Dangerous Analogies
May 11, 2005 by PingArgument by analogy is common in discussions of computer security. It’s often a useful way to reason about things, but sometimes an analogy can mislead you. I think a large class of misunderstandings about computer security are due to recurring problems in drawing analogies between what goes on in a computer and what happens in the real world.
The real world is bound by the laws of physics, whereas programming isn’t. Sure, there are physical limitations to the computing hardware we build, but systems engineers have worked hard to give us a mathematical abstraction to build on, and they’ve done a pretty good job. Within this abstraction, programmers basically get to make up whatever they want. Any hardware limitations that do make it through to the software level bear little resemblance to the physical world.
The huge difference is that objects in the real world come with existing relationships, but objects in the software world do not. Physical objects scatter light, exert forces on other objects, and so on. By default, every object in the universe is constantly affecting many other objects. Suppressing these relationships takes special work.
In software, nothing affects or communicates with anything unless you make it do so. Creating relationships takes special work.
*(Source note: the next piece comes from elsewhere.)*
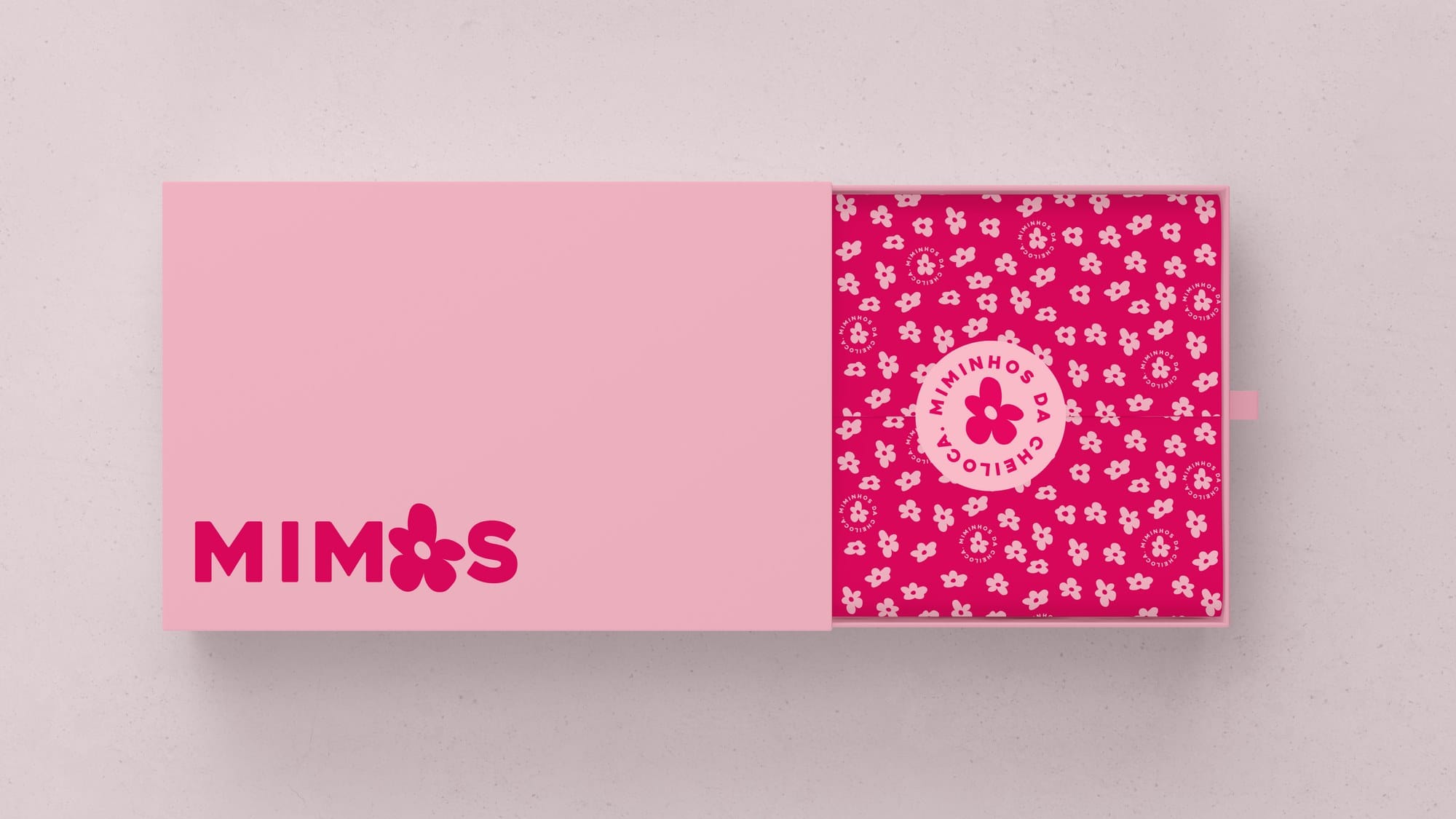 Pink shoe box with the Mimos wordmark and a patterned sleeve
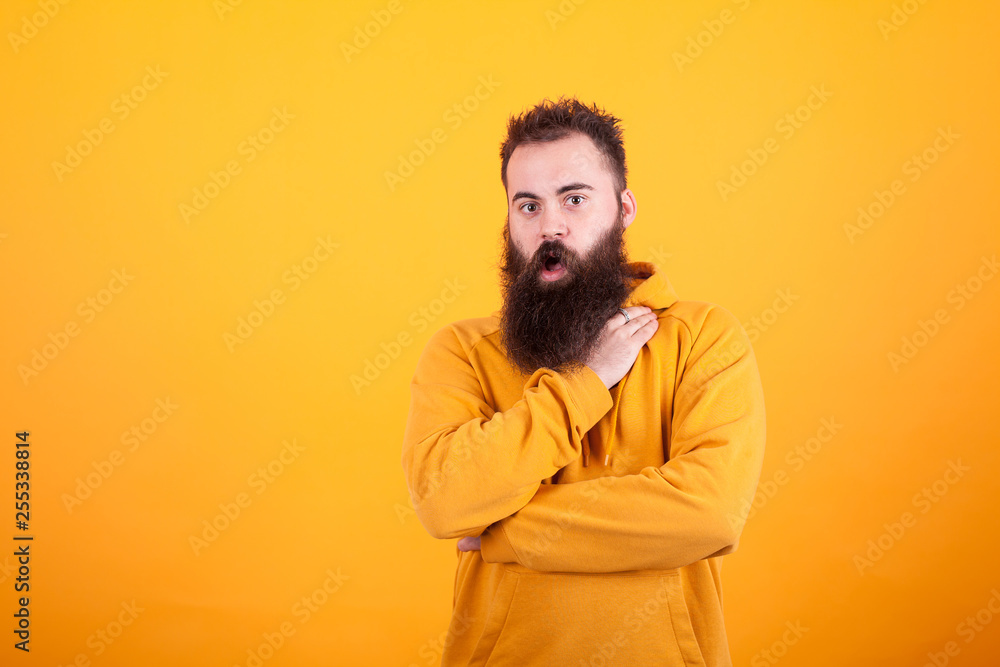 Portrait of beautiful bearded hipster looking amazed over yellow background Portrait of beautiful bearded hipster looking amazed over yellow background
Because people are forced to work from physical laws in the real world but have the flexibility to choose simpler laws for software, that ought to make it simpler to build reliable software than reliable real-world objects. It also ought to be possible to uphold a much higher standard of reliability with software, since formal proofs can actually be written about software, and that’s impossible with real objects. Paradoxically, we seem to have much more difficulty with software. All the time, people construct buildings and bridges that last dozens of years, but programmers seem hardly able to create a Web browser that runs for a week without crashing. Civil engineers are confident enough to certify their work and estimate low probabilities of failure, yet software companies routinely disclaim all responsibility for the proper functioning of their own products.
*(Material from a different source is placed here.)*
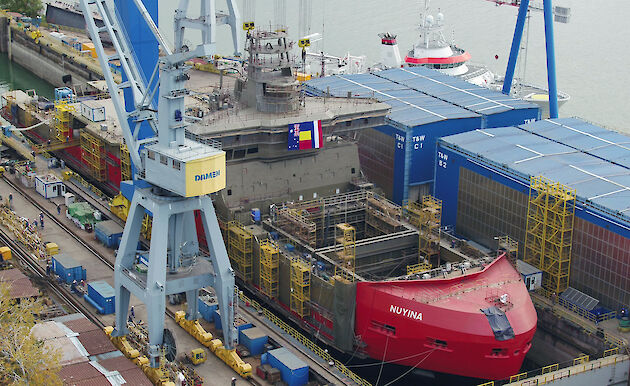 Nuyina under construction in the dry dock surrounded by cranes, warehouses and containers.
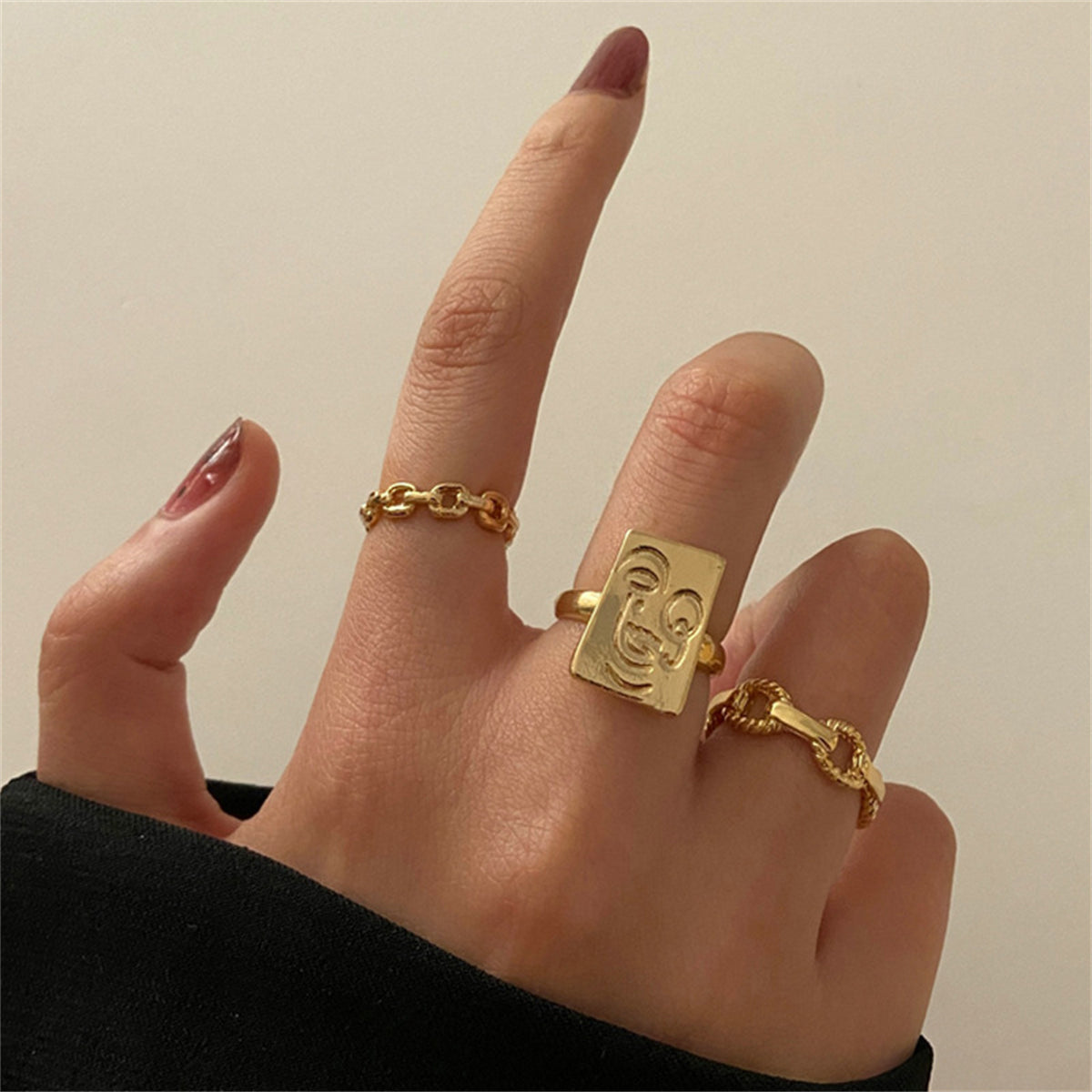 Three elegant gold-plated rings with initials, paired with a stylish chain, perfect for personalized fashion statements.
This problem happens because people are propagating and applying the wrong mental model for software security.
May 11th, 2005 at 11:23
I’ve thought about that too — more about the relation or contrast with civil engineers, but the same issue of explanations and metaphors. And always a bit confusing, *computers* actually fulfill all those engineering expectations pretty well, but the programs don’t. So how do we explain that? Lots of people try with process, describing how programmers work differently than engineers, but that’s not a very good justification or explanation; it doesn’t point out the qualitative differences in the work produced. I certainly don’t fully understand the combination of math, bureacracy, and engineering that makes up a typical program, which makes it pretty darn hard to explain.